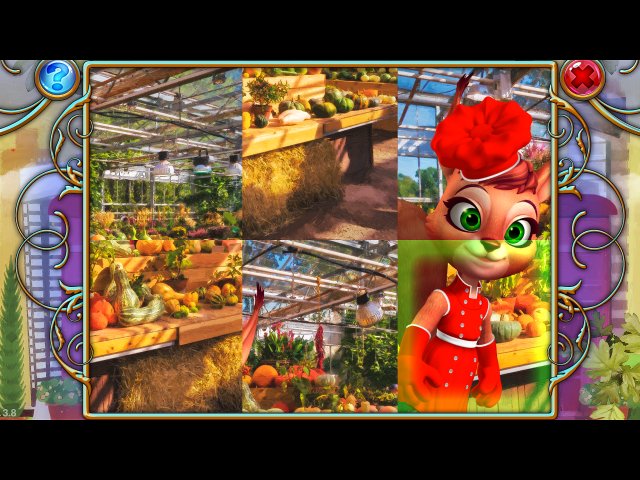 Shopping Clutter 7: Food Detectives - Скриншот 3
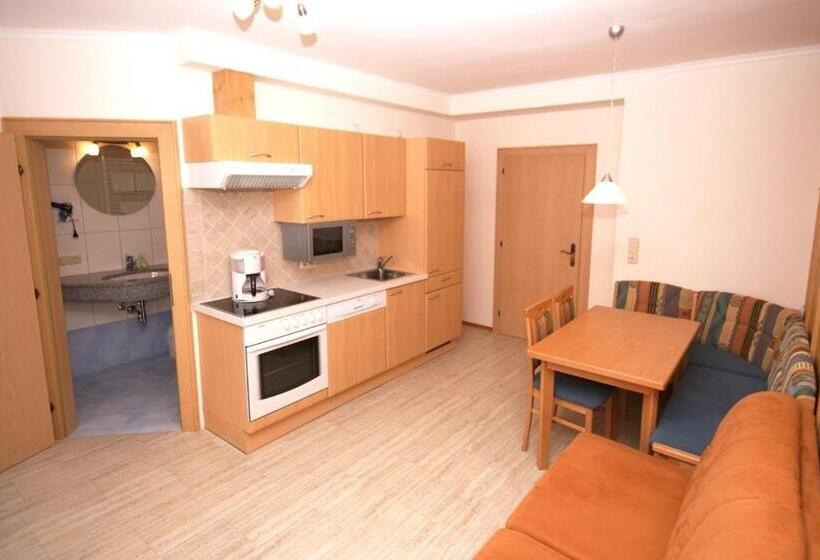 Bed and Breakfast Pension Schlossberg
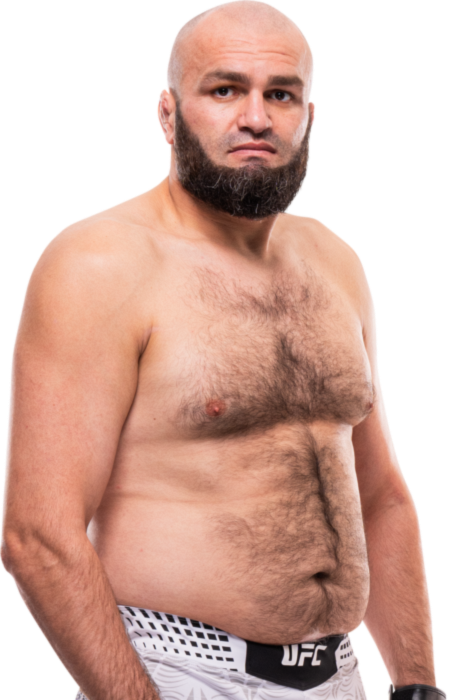 Shamil Gaziev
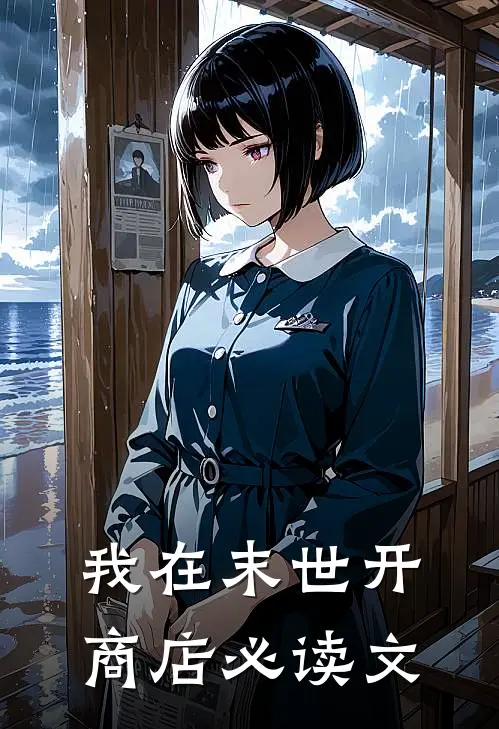 我在末世开商店必读文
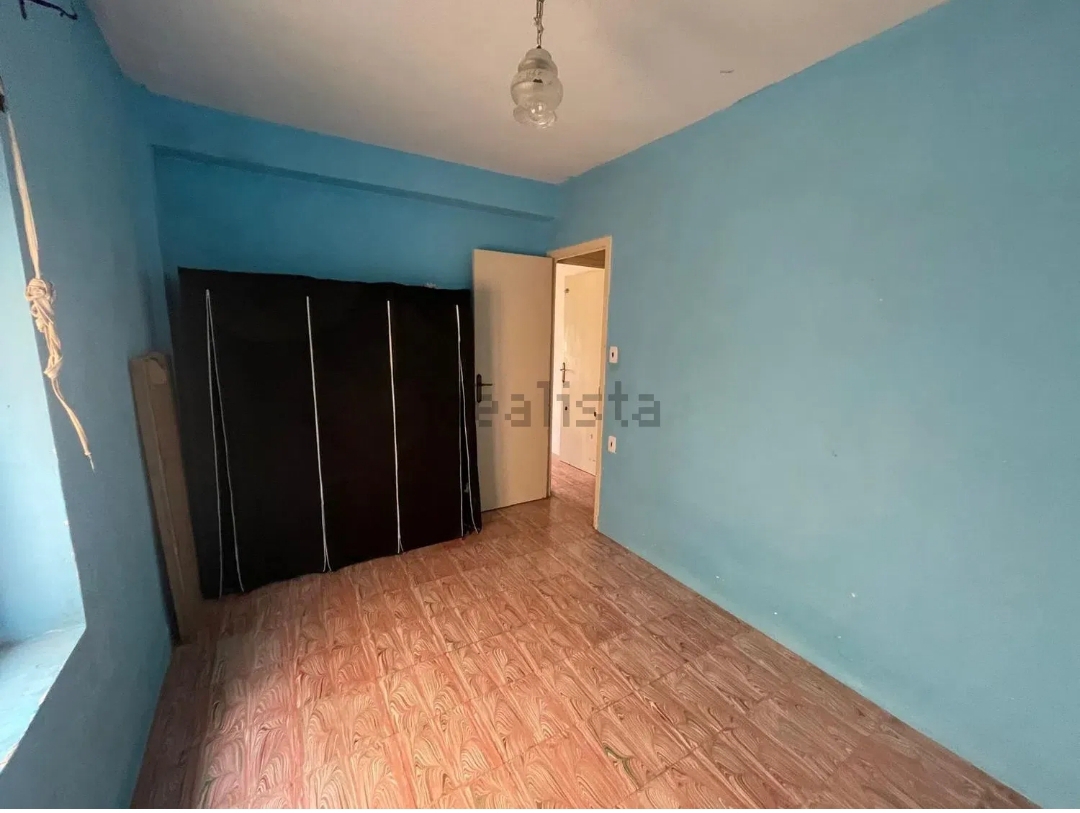 Appartement 3 chambres a rénover Crevillente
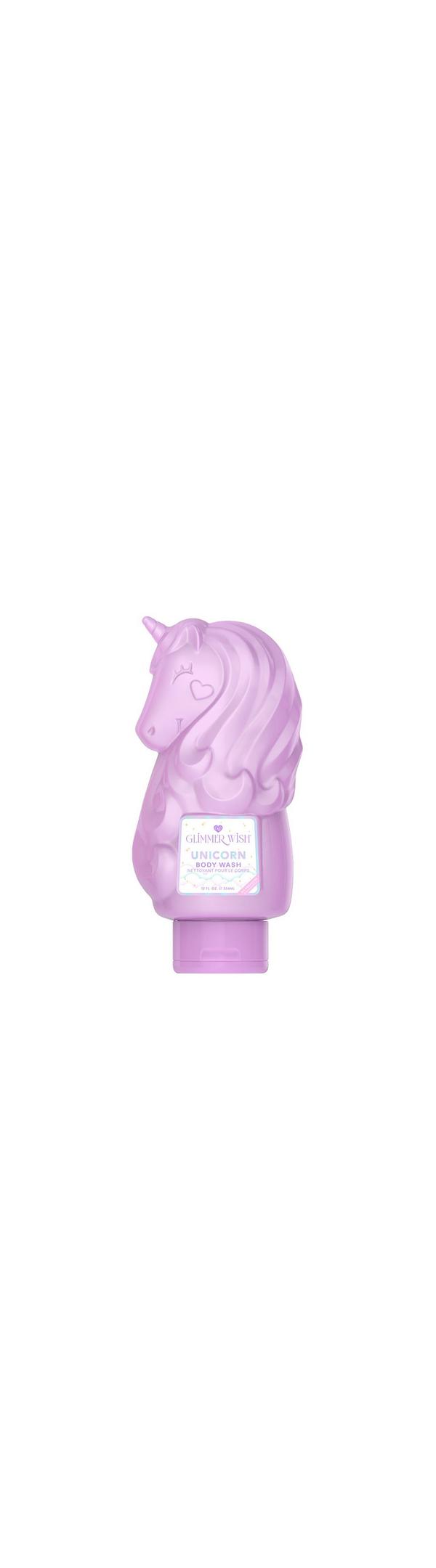 Ulta Glimmer Wish  Unicorn Body Wash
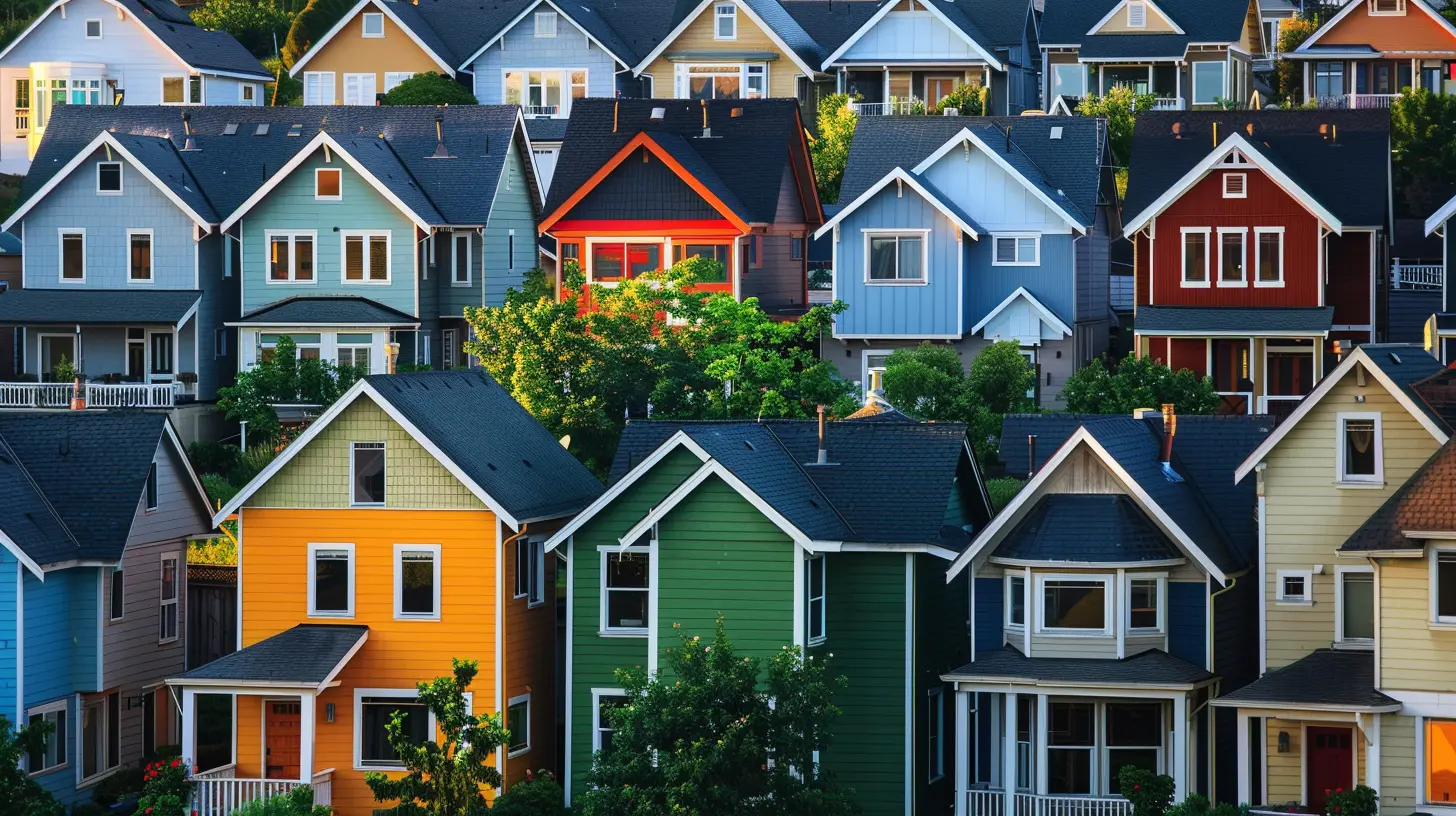 Understanding Buyer Behavior in a Seller’s Market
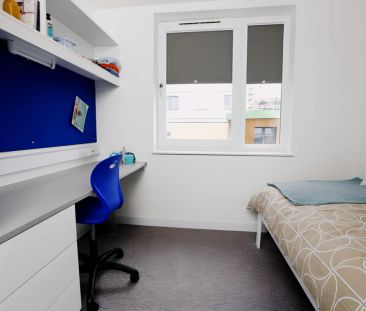 Single En-Suite - Photo 1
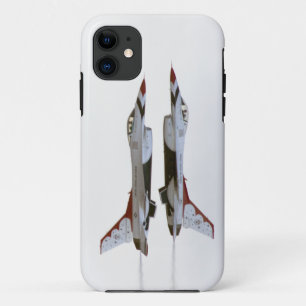 Coque Case-Mate iPhone Manoeuvre Thunderbirds - Miroir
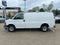 2020 GMC Savana 2500 Work Van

§ §

- _Assignment_:
Give every record back exactly as it reads, with no images.

- _Answer box_:
 Shopping Clutter 7: Food Detectives - Скриншот 3
 Bed and Breakfast Pension Schlossberg
 Shamil Gaziev
 我在末世开商店必读文
 Appartement 3 chambres a rénover Crevillente
 Ulta Glimmer Wish  Unicorn Body Wash
 Understanding Buyer Behavior in a Seller’s Market
 Single En-Suite - Photo 1
 Coque Case-Mate iPhone Manoeuvre Thunderbirds - Miroir
 2020 GMC Savana 2500 Work Van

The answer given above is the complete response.